**Activity**
Set down all of the data exactly. Pictures stay out of the copy.
(Provided material begins)
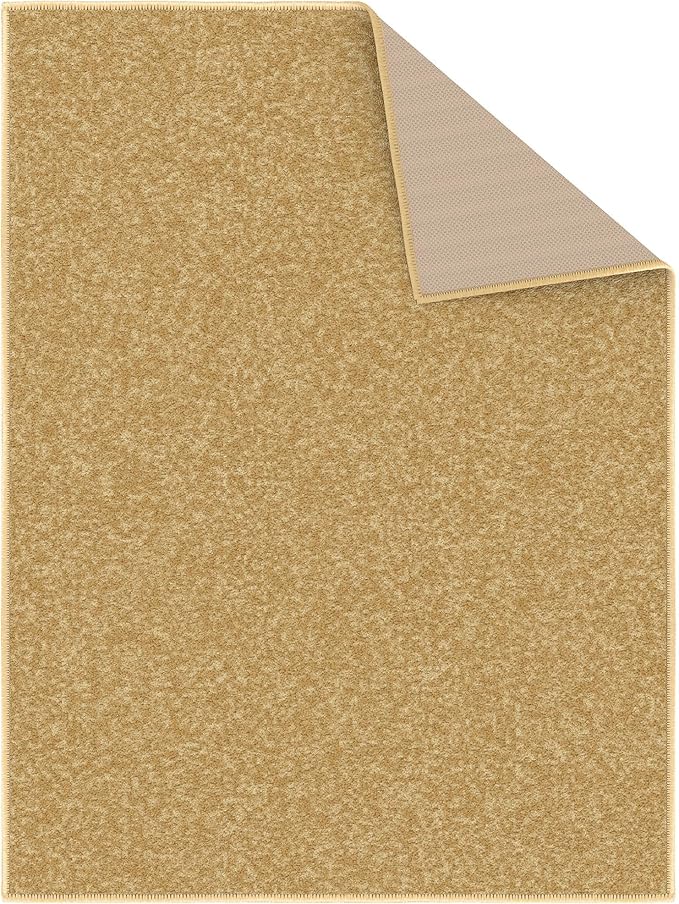 Ottomanson Rugs for Entryway 2'3" x 3' Non Slip Solid Small Area Rugs Durable Front Door Mat Rug Stain Resistant Entrance Rugs for Bathroom Kitchen Bedroom & Living Room, Beige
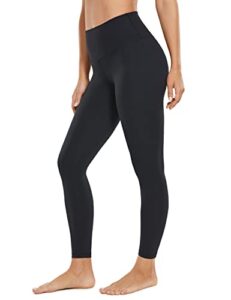 crz yoga women's butterluxe leggings 25 inches - high waisted buttery soft comfort lounge leggings black x-large
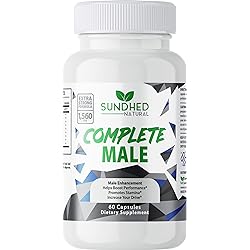 Sundhed Natural Complete Male 60 Veggie Caps - All Natural Male Enhancement & Libido Supplement - Mens Vitality Boost Performance Promote Stamina & Increase Your Drive - 30 Day Supply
(Provided material ends)
**Response area**
 Ottomanson Rugs for Entryway 2'3" x 3' Non Slip Solid Small Area Rugs Durable Front Door Mat Rug Stain Resistant Entrance Rugs for Bathroom Kitchen Bedroom & Living Room, Beige
 crz yoga women's butterluxe leggings 25 inches - high waisted buttery soft comfort lounge leggings black x-large
 Sundhed Natural Complete Male 60 Veggie Caps - All Natural Male Enhancement & Libido Supplement - Mens Vitality Boost Performance Promote Stamina & Increase Your Drive - 30 Day Supply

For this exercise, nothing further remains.